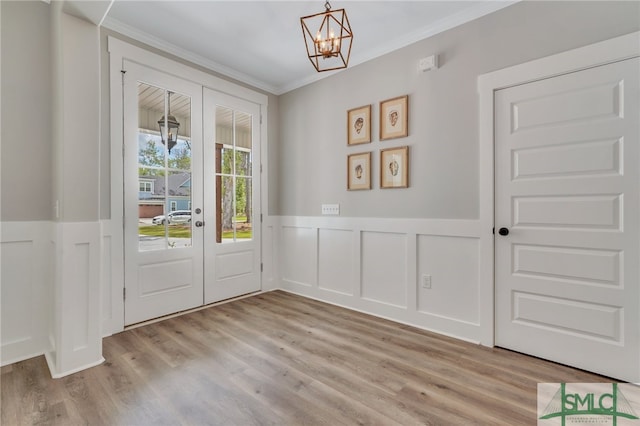 doorway to outside with a notable chandelier, light hardwood / wood-style floors, and crown molding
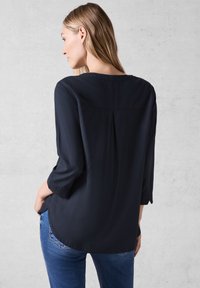 Navyblauw shirt met 3/4 mouwen, geplooid ontwerp aan de achterkant en een ronde zoom. De stof lijkt soepel en lichtgewicht. Gecombineerd met denim jeans.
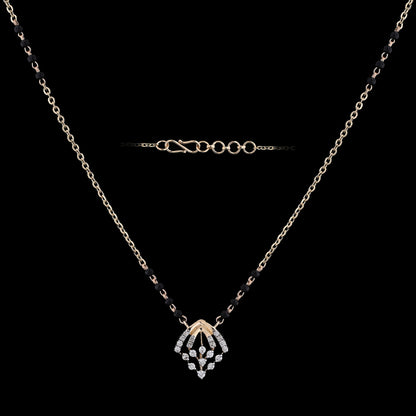 Elegant mangalsutra necklace featuring a delicate diamond-studded pendant and black bead detailing, perfect for modern traditional wear. This graceful design by jnjbymadhuri blends timeless charm with contemporary elegance.
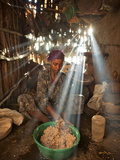 A Woman Makes Injera Bread from a Nutritious Grain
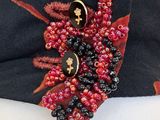 a black hat with red and black beads on it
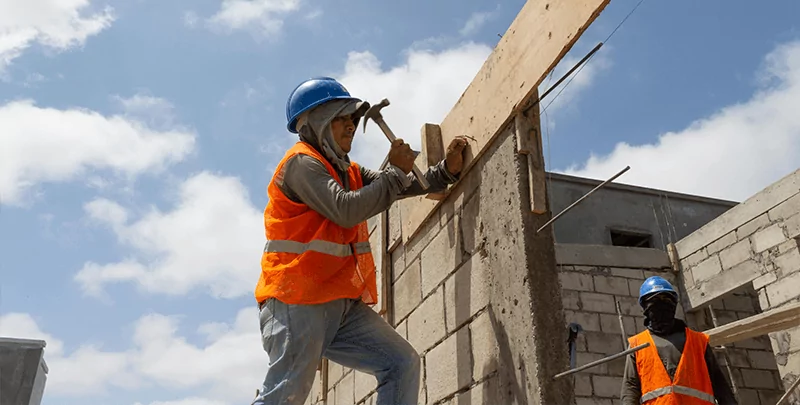 Dois operários com capacetes e coletes de segurança trabalham em uma obra afetada pelos impactos da reforma tributária na construção civil.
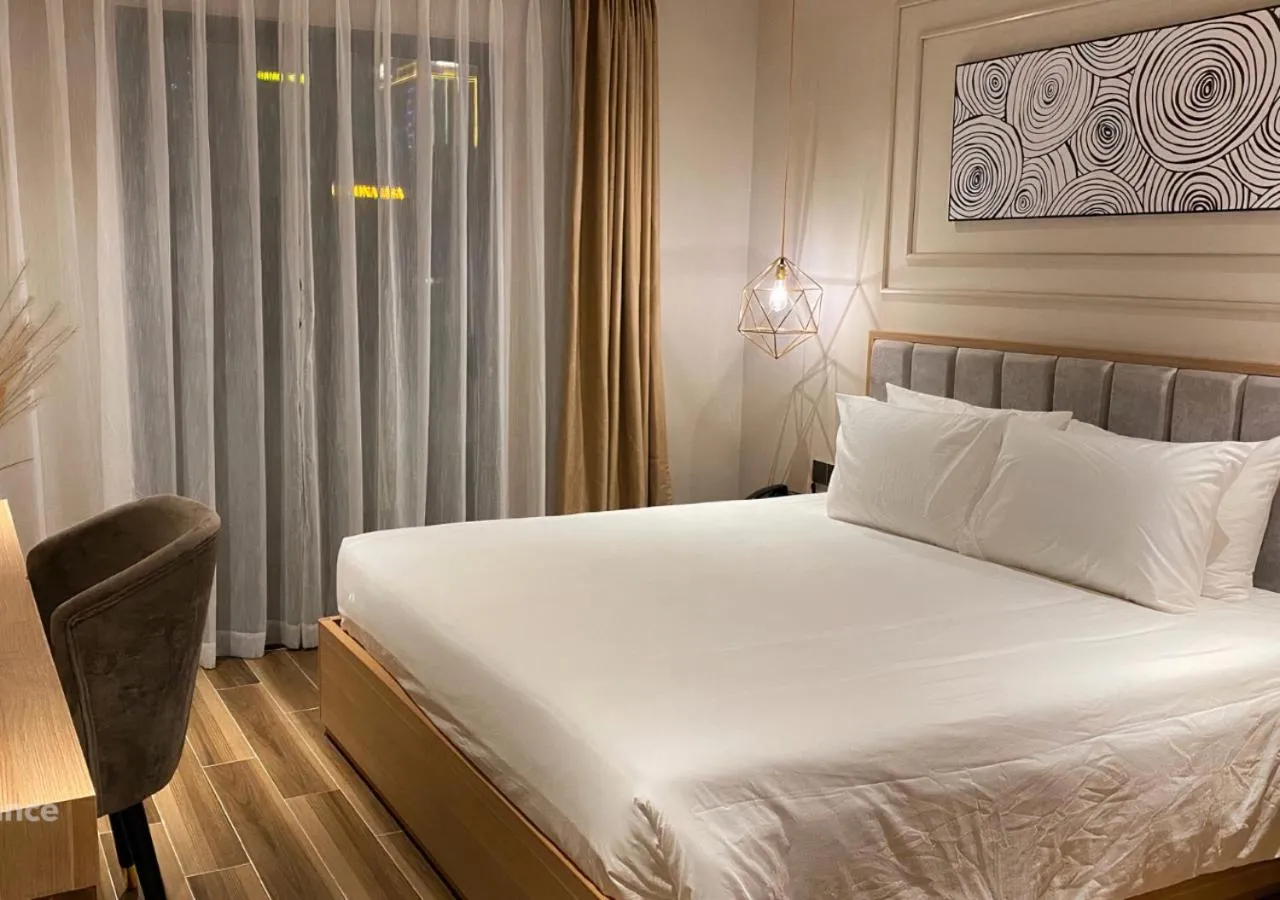 Bed in Adela Boutique Hotel - Infinity Pool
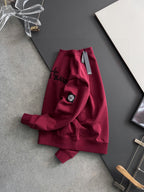 Stone Island maroon tracksuit pants with side logo emblem and waistband tag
★ ★ ★ ★
▶ **Task**:
Using the data above, copy exactly the lines from the one containing "Elegant mangalsutra necklace" to the one containing "a black hat with red and black beads on it", inclusive. Exclude the pictures.

▶ **Answer area**:
 Elegant mangalsutra necklace featuring a delicate diamond-studded pendant and black bead detailing, perfect for modern traditional wear. This graceful design by jnjbymadhuri blends timeless charm with contemporary elegance.
 A Woman Makes Injera Bread from a Nutritious Grain
 a black hat with red and black beads on it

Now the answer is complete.